When director Roger Donaldson took the reins on "The Bank Job," he delved into his own research, visiting newspaper archives and tracking down informants. He talked to policemen, the ham-radio operator and a man who knew Michael X and one of the MI5 operatives. A private investigator found one of the bank robbers, he says, "and after hearing the real story, it was more spine-chilling than what we had put together. I could never fit it all into the movie."
"When we started digging around in London, people thought we were making a movie about police corruption -- nobody wanted to talk about it," he says. He was equally intrigued by the media blackout on the case: "It has so much relevance to today's world and the way the media can manipulate things. Who knows what really goes on?"

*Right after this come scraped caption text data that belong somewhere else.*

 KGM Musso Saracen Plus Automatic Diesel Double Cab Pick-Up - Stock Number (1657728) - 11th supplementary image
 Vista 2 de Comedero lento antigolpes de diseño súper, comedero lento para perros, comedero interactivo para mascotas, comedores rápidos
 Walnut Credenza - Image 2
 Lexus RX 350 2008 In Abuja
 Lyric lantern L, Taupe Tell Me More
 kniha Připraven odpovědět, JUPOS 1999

During the casting process, Donaldson paid close attention to class differences and contrasts between characters to avoid complicating an already complex story. "I was determined to find actors who you would not get confused about who they were," he says. "They had to fit into the roles that they had, and since each level of British society has a very distinctive accent, I was very determined to get people whose accents were the real thing."

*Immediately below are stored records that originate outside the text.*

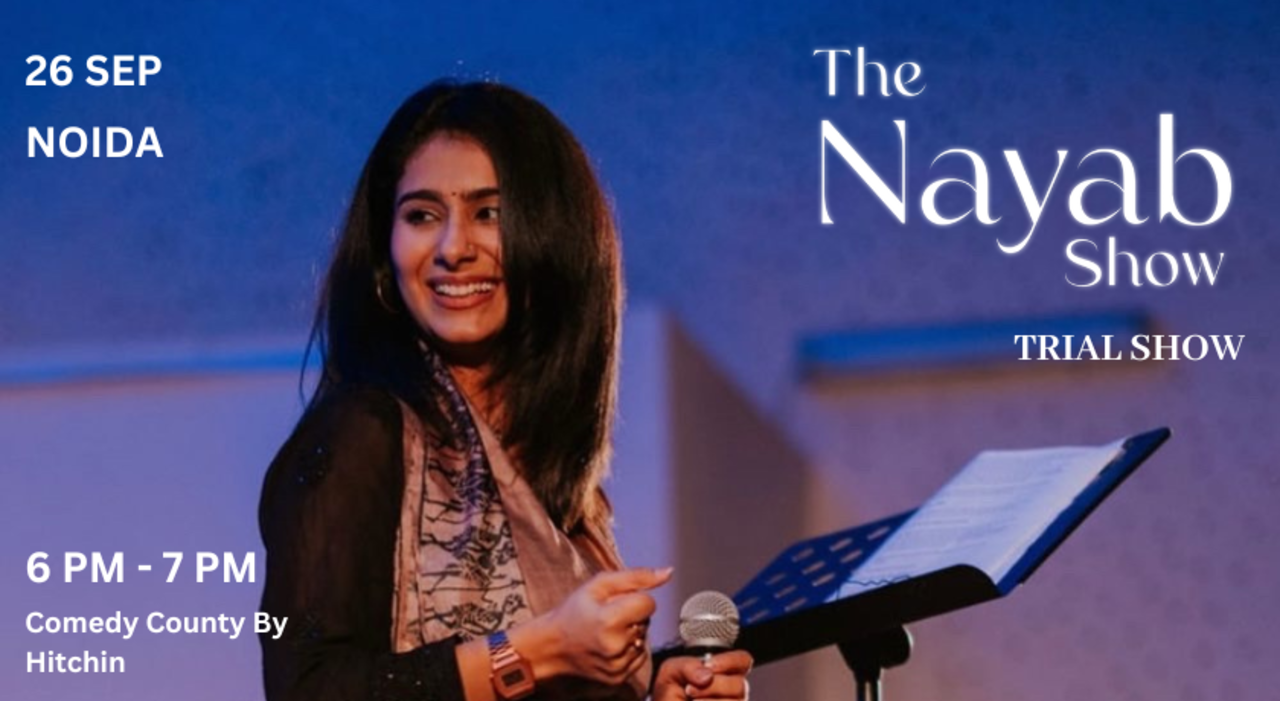 The Nayab Show | Trial Show
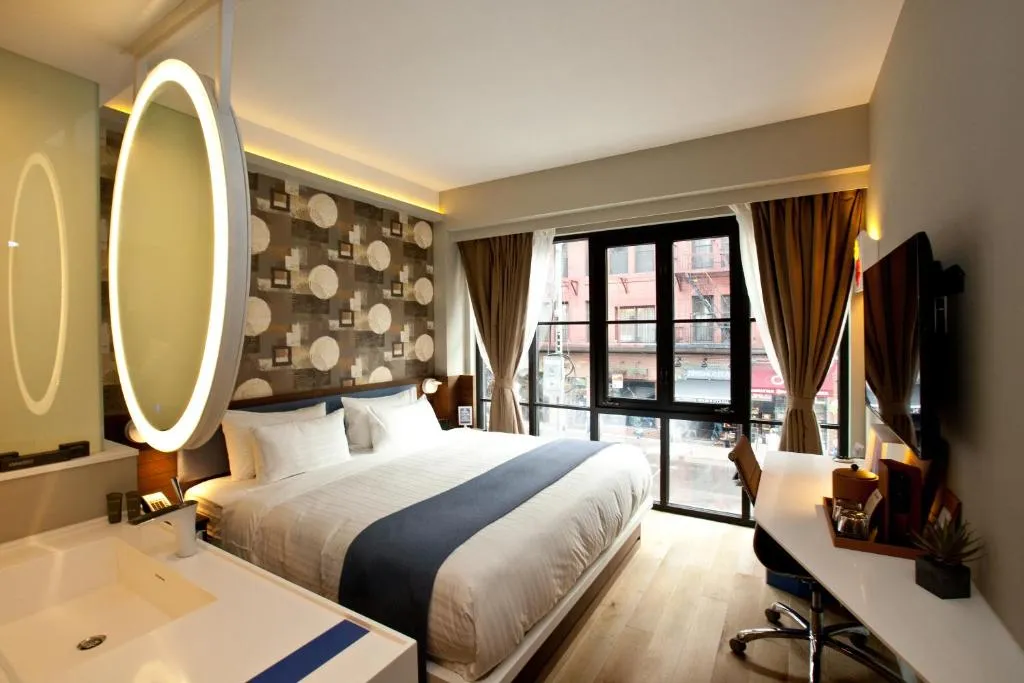 Hôtel à SoHo New York : Guide pour bien choisir 6 NobleDEN hotel soho new york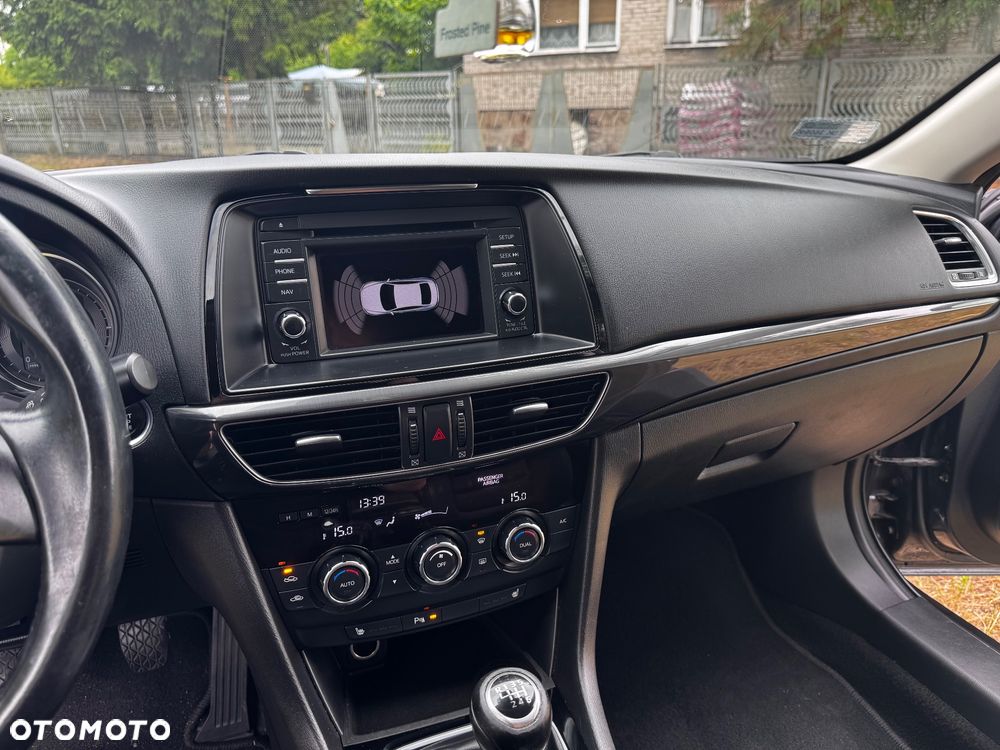 Mazda 6 2.0 SkyMotion - 10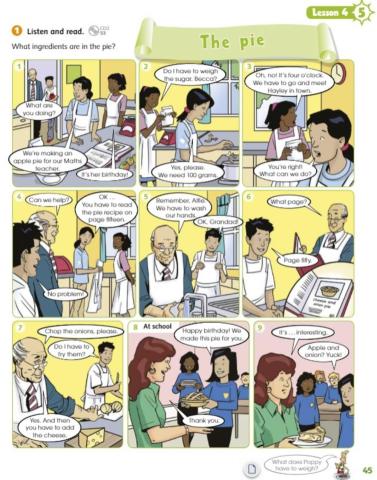 Class book Great Explorer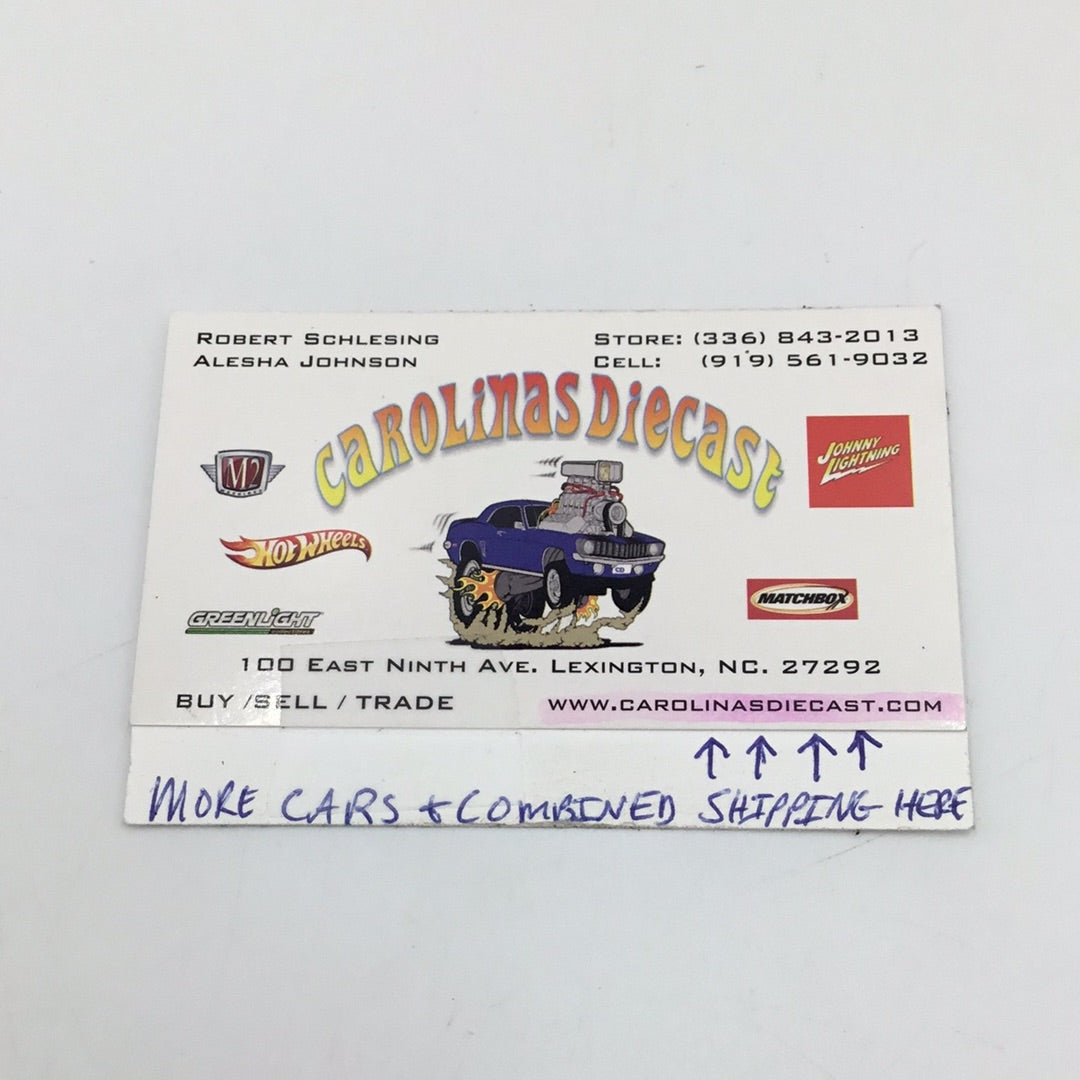 2023 matchbox 70 years #11 1980 AMC Eagle 60i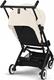 Cybex прогулочная коляска Libelle Canvas White 524000271bbg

In real life, there were probably about 10 in the crew of bank robbers, but the film shrinks their numbers. Jason Statham's character, Terry Leather, is an amalgamation of characters -- but when one of the actual thieves visited the set, there was a striking resemblance. Donaldson immediately noticed similarities in their personalities: "He was like Jason at 70."
"People thought my dad had come to set," laughs Statham, who won't reveal the visitor's true identity. In his conversations with the man, who served two years in prison for the heist, he admits to getting "a slow drip of information."
The elderly visitor's tales also fascinated producer Steve Chasman. "He told me he robbed four more banks … they'd spray-painted 'Let Sherlock Holmes solve this!' on the inside of the vault."